Maoist leaders and cadres were deeply divided after the political document presented by Dahal remained ‘silent’ on ‘foreign interference’ and avoided terminologies like ‘Indian expansionism.’ Dahal and Bhattarai stood together in support of BIPPA, while another Vice-chairman Shrestha said the party should formally disown the agreement ‘signed against the country’s national interests.’ A statement issued at the end of the GC calls on the government to take steps to revise ‘unequal treaties’ signed with India. The Maoists are in favour of a revision of the 1950 Peace and Friendship Treaty signed with India. However, no concrete steps to this effect were initiated by the party when it led the government under Dahal in 2008 and after Bhattarai came to power in 2011.

Regarding the irregularities at the PLA cantonments, the party’s investigation report was not disclosed at the GC after the leadership argued that it was yet to give a final shape to the report. Dozens of former PLA combatants shouted slogans at the GC hall on Friday afternoon against corruption at the hands of their commanders. General Secretary Bogati, who had led the probe panel, told the convention that the commanders used funds provided by the government as per their individual will. He urged the party to take action against them.

Party leader Amik Sherchan, who is now close to Dahal, submitted a report on the property details of senior leaders. He said many leaders did not cooperate with the investigations and were hesitant in in filling up the forms within the deadline. A committee led by Sherchan has said it failed to find any investment made by Dahal in the house he lives in at Lazimpat and the Mukti Towers located in New Baneshwor that actually belongs to businessman Ajaya Sumargi. The panel said it received 79 complaints and has recommended action against ‘some leaders’

for their involvement in financial irregularities.

Throughout last week, this industrial town of Hetauda turned into a sea of red as communist flags flutterred all over and Maoist cadres and supporters filled the areas.

As delegates started returning home, many of them said they doubt if the party will take the ‘right track.’

“We have raised serious questions on the working style and deviation in leadership. Leaders have pledged to improve themselves, but we will closely monitor their actions,” said a representative from Dang.

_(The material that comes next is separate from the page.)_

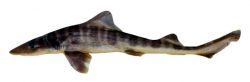  striped dogfish 1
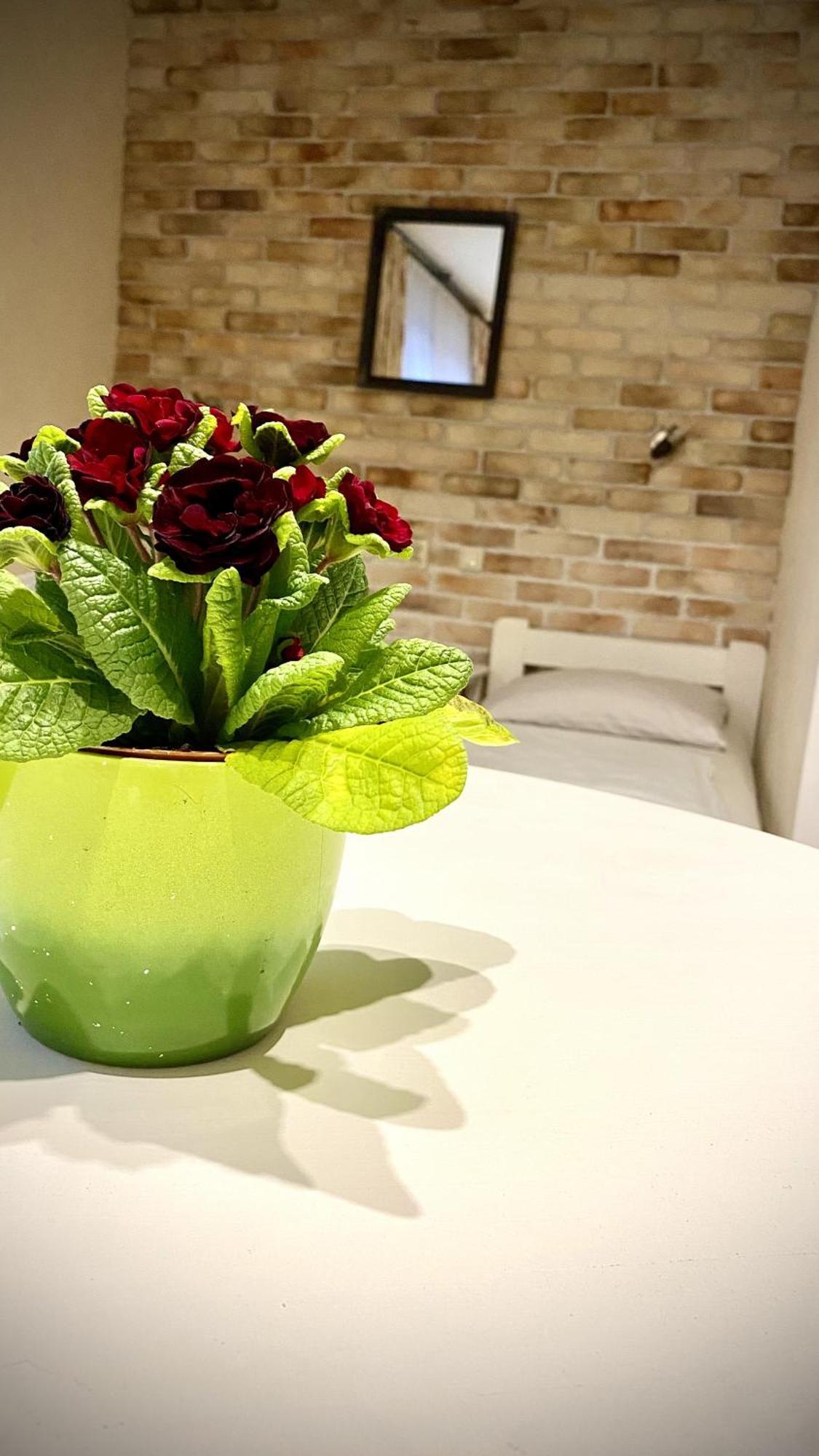 Villa Pod Orzechem W Zaniemyslu 외부 사진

Singers from Samana Pariwar, the party’s cultural wing, also complained that leaders did not allow them to speak, while they remained silent on the problems of artists and singers who sacrificed their lives for the people’s war. Though they sang a song related to victory of the Nepali people, their dissatisfaction was clearly visible. Dahal immediately responded to their concerns, saying that the party accords high priority to their contribution and that it will address their concerns.